De Napoléon aux années 1970
Le parcours proposé plonge le visiteur dans l’Histoire. Sous le Premier Empire, les tambours servaient à transmettre les ordres au cœur des batailles. Au Second Empire, les instruments richement décorés aux emblèmes impériaux symbolisaient la puissance des régiments. Le poids de certaines caisses – près de vingt kilos – continue d’impressionner : « Des musiciens actuels ont essayé de les porter. Ils ont vite réalisé l’endurance nécessaire aux soldats d’alors », sourit Christian.

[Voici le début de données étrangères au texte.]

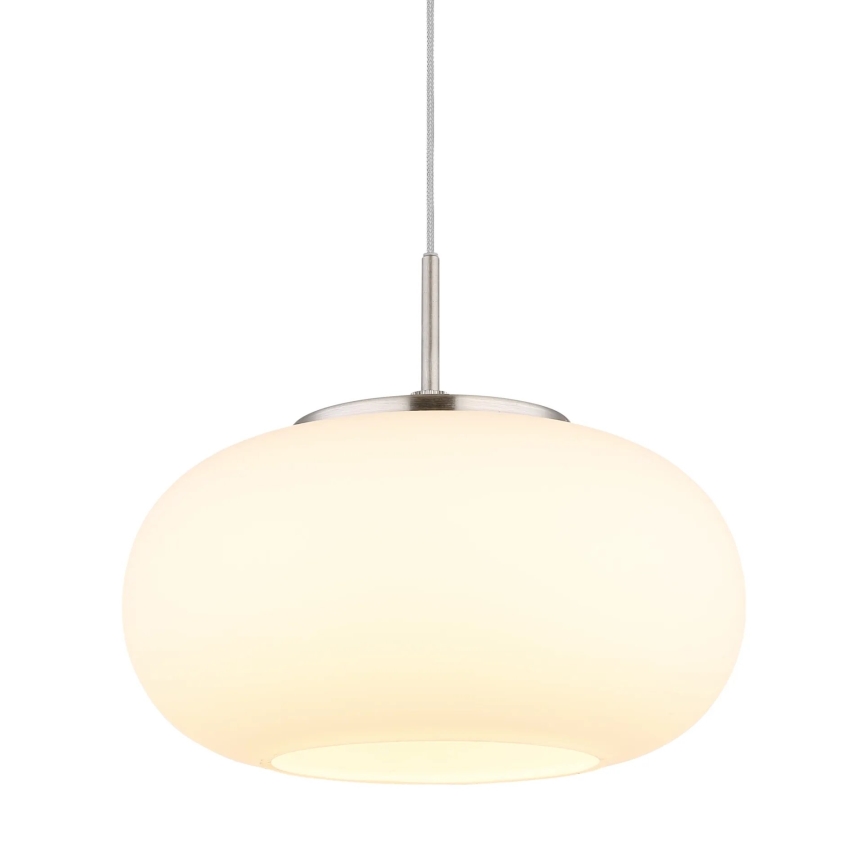 Globo - LED Lestenec na vrvici LED/6W/230V bela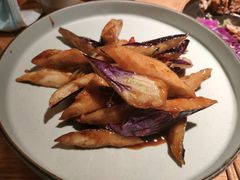 风味茄子-薇酌饮·陕西菜(南门外店)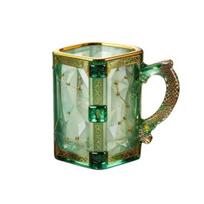 Magic Constellation Glass Mug, 330ml Zodiac Coffee Cup with Heat Reveal Design, Starry Night Water Glass for Home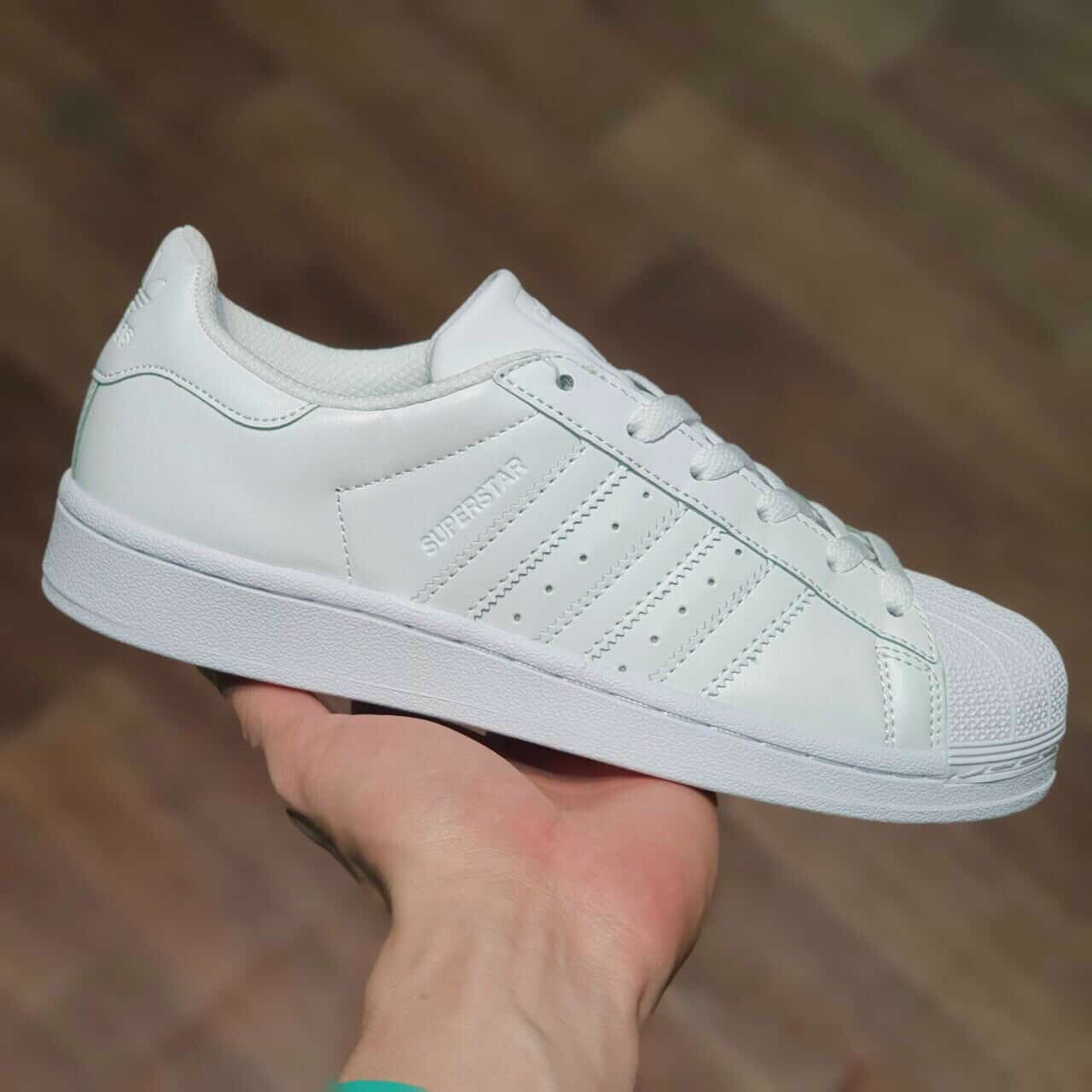 Adidas Superstar All White Rep 1:1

L’exposition déroule ensuite le fil du temps : des tambours plus légers des pionniers soviétiques aux modèles chromés des années 1970, devenus populaires jusque dans les studios d’enregistrement fréquentés par des artistes comme Florent Pagny.
Le relais de la jeune génération
Depuis l’âge de 6 ans, Valentin Calussi vit au rythme des percussions. La batterie, d’abord, qu’il choisit enfant « pour se défouler », se souvient-il. Pour suivre sa passion sans grever le budget familial, il s’est inscrit dans des associations musicales. La règle était simple : en échange des cours, les jeunes musiciens devaient participer aux cérémonies patriotiques. Valentin se prête au jeu, tambour en bandoulière. « Même si on était encore dans les bases de l’apprentissage, le fait d’être présents avait de la valeur. Et pour nous, ça nous transmettait quelque chose aussi », confie-t-il.

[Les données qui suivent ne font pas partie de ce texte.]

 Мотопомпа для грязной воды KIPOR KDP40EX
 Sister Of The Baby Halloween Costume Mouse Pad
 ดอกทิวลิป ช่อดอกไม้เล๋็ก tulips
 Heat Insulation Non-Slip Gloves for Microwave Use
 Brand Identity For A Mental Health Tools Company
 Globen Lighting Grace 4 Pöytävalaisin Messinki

C’est aux côtés de Christian Koenig qu’il découvre l’histoire du tambour, son rôle de cadence et de symbole dans l’armée comme dans la société. Peu à peu, le jeune batteur s’est laissé happer par cette mémoire sonore. Aujourd’hui, à un peu plus de vingt ans, il n’est pas seulement musicien : il est devenu un joueur de tambour, héritier enthousiaste d’une tradition séculaire qu’il contribue à faire résonner à son tour. Un rappel qu’un apprentissage passionné peut transmettre bien plus que des techniques : un véritable chemin de vie.
Une histoire transmise de père en fils
Au-delà des vitrines, cette passion relève aussi d’une mémoire familiale. Le père de Christian, trompettiste, fut tambour-major dans le corps des tirailleurs marocains, toujours accompagné d’un mouton, mascotte insolite du régiment.
« Pour un enfant, ce genre d’image reste gravée. J’ai grandi avec l’idée que le tambour représentait bien plus qu’un instrument : un signe de fierté et de cohésion », confie-t-il.
De son père aux jeunes élèves qu’il a formés, Christian Koenig perpétue ainsi une tradition où chaque génération reprend la cadence. L’inauguration de l’exposition s’est d’ailleurs conclue par une démonstration publique au Brusc, réunissant plusieurs de ses anciens élèves pour un moment à la fois sonore et émouvant.
Jusqu’au 26 octobre, à l’espace Jules de Greling.